Io non ero così, avevo voglia di ascoltare e farmi ascoltare dagli altri, avevo voglia di scrivere e sputare su fogli di carta tutto quello che di questa realtà mi appannava la testa. E ora, cosa è successo? Mi si è inaridita la creatività? L'anatomia e la fisiopatologia si sono succhiati tutta la mia materia grigia? Sono soltanto troppo stanca per scrollarmi la sera e fare qualcosa di diverso da uno svago insulso come una chat piena di emoticons?

Nossignori. Questa nostra società di merda è fatta proprio così: ognuno dei suoi meccanismi di privazione, per funzionare, deve mortificare il singolo e fargli attribuire la sua perdita di felicità ad una sua colpa personale. Ma so benissimo di non essere io quella che ha commesso un reato contro sé stessa, perché i colori della fioritura, a sprazzi, li vedo ancora in questa mia testa. Mi capita ancora di comporre frasi poetiche mentre attendo il sonno, e poi al risveglio maledirmi perché non mi sono alzata dal letto per scriverle, visto che le ho dimenticate.

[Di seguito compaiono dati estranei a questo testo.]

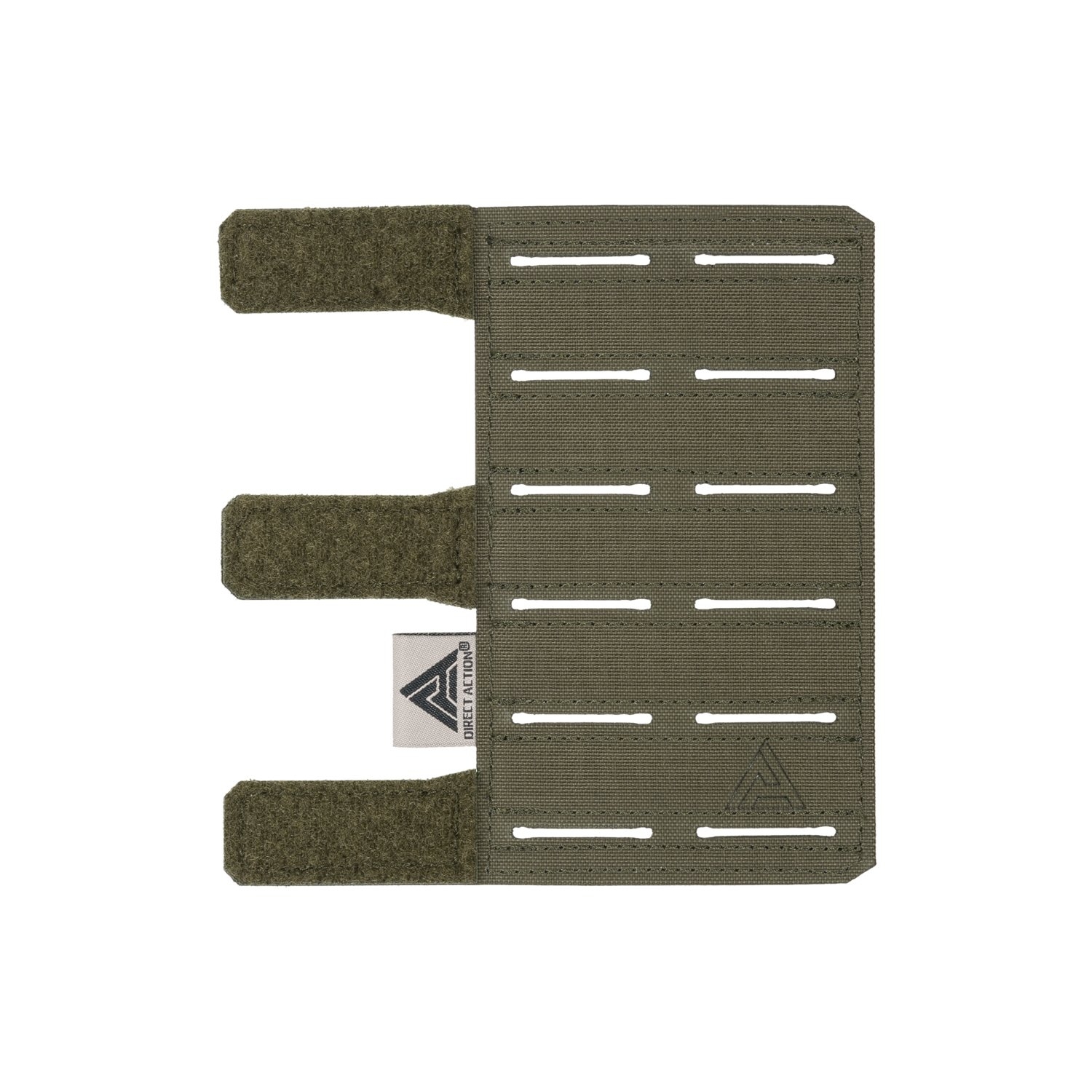 Image of Panel SPITFIRE DIRECT ACTION MOLLE WING - Cordura - Ranger Green - One Size (PL-SPMW-CD5-RGR)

Mi capitava a 14 anni, mi capita ancora, malgrado sia passato un maremoto di estrogeni.
Io so bene che questa società è improntata sulle persone che la abitano, sui loro magici, piccoli inquilini. Lo so bene che tutti gli stilosi borghesi italiani odiano chi toppa i test "escludi l'oggetto che non c'entra niente" perché ha un'intelligenza divergente, odiano chi colora il vestito dell'angioletto di rosso anziché d'azzurro, odiano chi acquisisce sapere IN MODO CRITICO, chi intravede la realtà che sta sotto all'apparenza e lo dichiara apertamente. Questi soggetti sono da sempre tacciati di pericolosità, isolati, bastonati, accidentalmente spruzzati di DDT mentre si disinfesta la siepe in giardino.

Non ho voglia di scrivere perché so che non mi vuoi bene, non mi comprendi, non mi accogli, popolo mio. Faresti di me carne da rogo, se costumi medievali te lo permettessero, e racconteresti la mia storia con uno sketch alla Monty Python, che sarebbe apprezzato perfino da nerd ed intellettuali.

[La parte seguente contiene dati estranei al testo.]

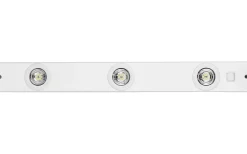 Kob Bänkbelysning 60cm LED 3000K 3x2,3W Vit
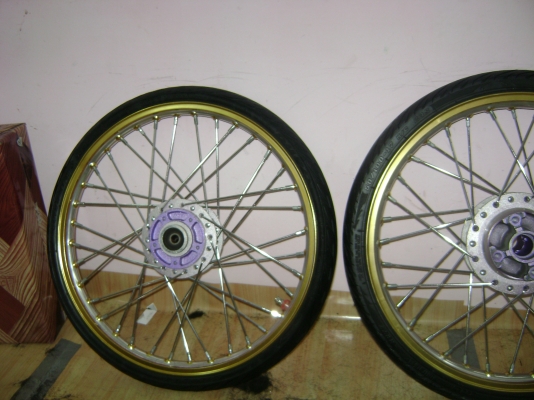 ขายล้อรถ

In tutto questo, io mi ricordo del 1984 di Orwell, e lo uso per spiegare ancora una volta come io concepisco la "Contro-Correnza": nel finale di quel terribile libro, si capisce fin troppo bene che la stessa disobbedienza di coloro che tentavano di resistere al regime era funzionale e fondamentale al suo mantenimento. Perché: un regime basato sul consenso ha bisogno dei dissidenti da schiacciare.
Ebbene, io non ho intenzione di essere una dissidente figa e lamentosa, non spargerò diari ricolmi di urla di guerra. Guadagnerò i riconoscimenti, questo sì, rimanendo fedele a me stessa. E' questo quello che in realtà, o Musa Delle Società, tu vorresti impedire. Se rinunciassi a questo, pur potendomi sfogare scrivendo tutti i racconti del mondo, allora sì che mi farei schifo.

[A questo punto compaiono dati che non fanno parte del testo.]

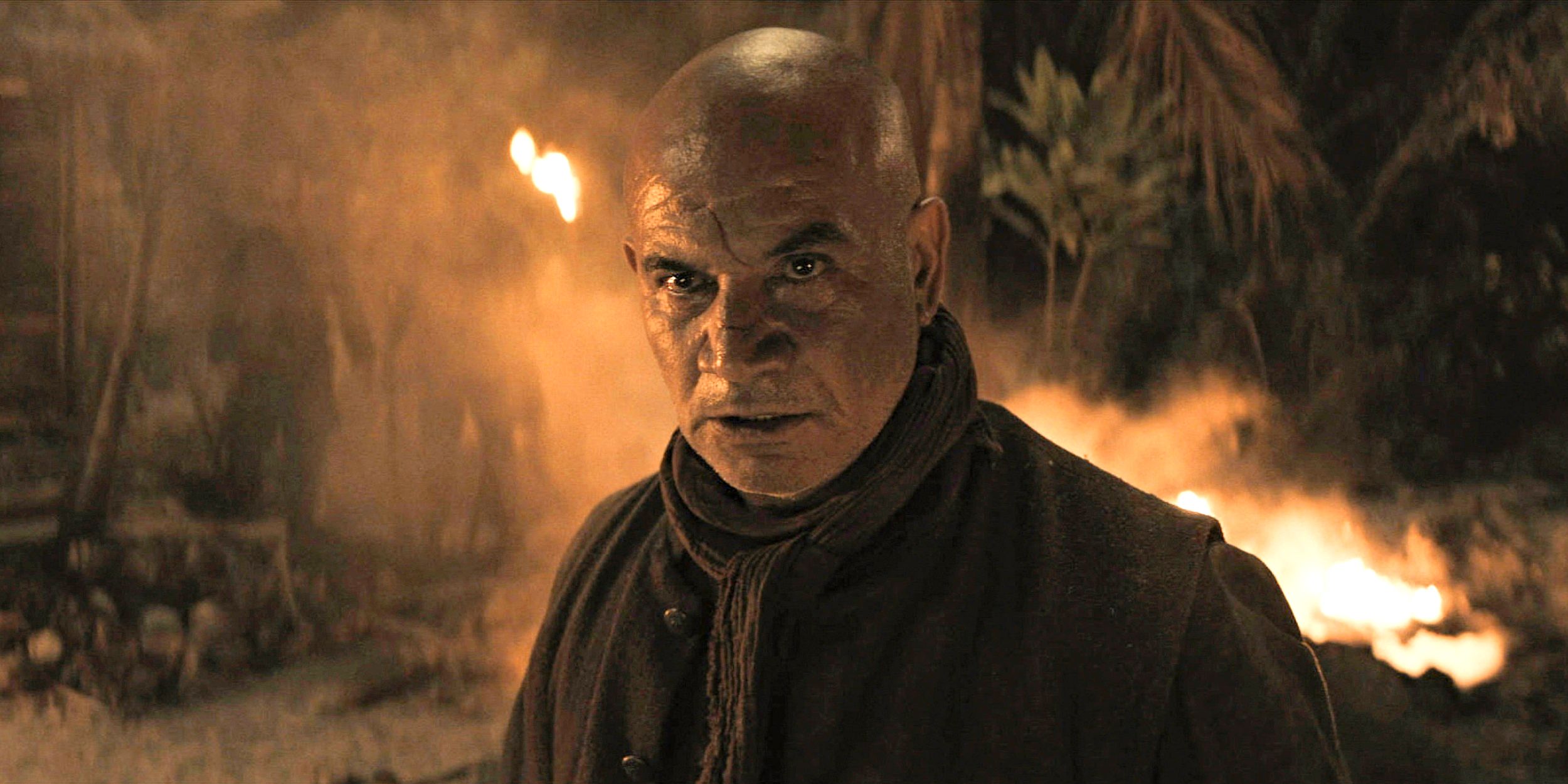 John Wick Meets Pirates of the Caribbean in Prime Video's #1 Swashbuckling Epic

Ieri sera ho dichiarato: Mi faccio schifo. Pensavo di aver realizzato di essere come gli altri. Di accettare con sottomissione i dettami di un meccanismo sociale assurdo. Ma non è così, oh no. Finché avrò la forza di credere e ragionare, resisterò al lavaggio del cervello che vuol farmi vedere la mia moralità come in caduta libera. Ed è questo il modo, io credo, per continuare ad accrescerla sempre, pianino pianino, pur con la stanchezza di una studentità pesantemente gravata da tasse.

Nella buia notte che si dilunga, mi riscaldo stringendomi nel mio mantello segreto. E' tessuto di fili di voci e capelli amati. Formano ciuffi che riconosco al tatto delle labbra, perché baciarli è la mia gioia ed il compimento delle mie giornate. Li amo perché anche quando insegno loro, e loro dicono che non è raro, io imparo. Perché non soltanto accettare è un atto di volontà per il quale bisogna esercitarsi, ma anche essere SOGGETTO di questa accoglienza. E' una delle innumerevoli cose che non ho appreso da libri, documentari, riviste: dalle persone. Ed io conservo il tocco dei loro capelli: perché sì, io li amo.


(In conclusione, mi scuso. Mi sono accorta di quanto sono confusa a volte nell'esporre le mie opinioni e mal si comprende. Vabbè.)